Speedy Matrix Multiplication in Lisp, Again… June 30th, 2009
Patrick Stein

In response to my earlier post about hidden memory allocations, Jason Cornez pointed out how to rework my loop so that Allegro wouldn’t need to allocate memory. The new structure avoids using the summing keyword in (loop …) and doesn’t use the return-value from (loop …).

(declaim (ftype (function ((simple-array single-float (12))
                           (simple-array single-float (3))
                           (simple-array single-float (3)))
                          (simple-array single-float (3))) mvl*-na))
(defun mvl*-na (matrix vec ret)
  (declare (type (simple-array single-float (12)) matrix)
           (type (simple-array single-float (3)) vec)
           (type (simple-array single-float (3)) ret)
           (optimize (speed 3) (safety 0)))
  (loop for jj fixnum from 0 below 3
     do (let ((offset (* jj 4)))
          (declare (type fixnum offset))
          (let ((current (aref matrix (+ offset 3))))
            (declare (type single-float current))
            (loop for ii fixnum from 0 below 3
               for kk fixnum from offset below (+ offset 3)
               do (incf current
                        (* (aref vec ii)
                           (aref matrix kk))))
            (setf (aref ret jj) current))))
  ret)

Now, the Allegro moved up in the rankings. All of the implementations (except 32-bit Clozure) ran slightly faster with this version. Allegro improved the most here though as its allocation/garbage dropped to nothing.

  wall non-GC alloced
SBCL 1.0.29 0.406s 0.406s 0
CMUCL 19f 0.539s 0.539s 32
Allegro 8.1 (Personal) 0.720s 0.720s 0
Clozure-64bit 1.3-r11936 1.100s 1.100s ?? 0
Clozure-32bit 1.3-r11936 6.884s 5.023s 1,680,000,000
LispWorks 5.1 (Personal) 12.587s ?? 3,120,000,516
ECL 9.6.2 30.875s ?? 17,280,000,256
GNU CLISP 2.47 88.008s 74.455s 2,160,000,000

CMUCL compiled with 30 Notes. I should look into those some time. It still ran quite fast though.

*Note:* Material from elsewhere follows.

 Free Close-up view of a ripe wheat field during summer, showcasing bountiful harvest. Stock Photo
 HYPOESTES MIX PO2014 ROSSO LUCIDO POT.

Allegro definitely liked this version better. It kept from allocating anything.

For comparison, I am including the previous runtimes here as well:

  wall non-GC alloced
SBCL 1.0.29 0.444s 0.444s 0
CMUCL 19f 0.567s 0.567s 0
Clozure-64bit 1.3-r11936 1.272s 1.272s ?? 0
Clozure-32bit 1.3-r11936 5.009s 4.418s 1,200,000,000
Allegro 8.1 (Personal) 6.131s 2.120s 1,440,000,000
LispWorks 5.1 (Personal) 14.054s ?? 3,360,000,480
ECL 9.6.2 33.009s ?? 18,240,000,256
GNU CLISP 2.47 93.190s 77.356s 2,520,000,000

To CLOS or not to CLOS June 29th, 2009
Patrick Stein

I am working on some Lisp code. I am trying to mimic the basic structure of a large C++ project. I think the way the C++ project is structured is a good fit for the tasks involved.

Most of the C++ stuff is done with classes. Most of the methods of those classes are virtual methods. Many of the methods will be called multiple times every hundredth of a second. Very few of the virtual methods ever get overridden by subclasses.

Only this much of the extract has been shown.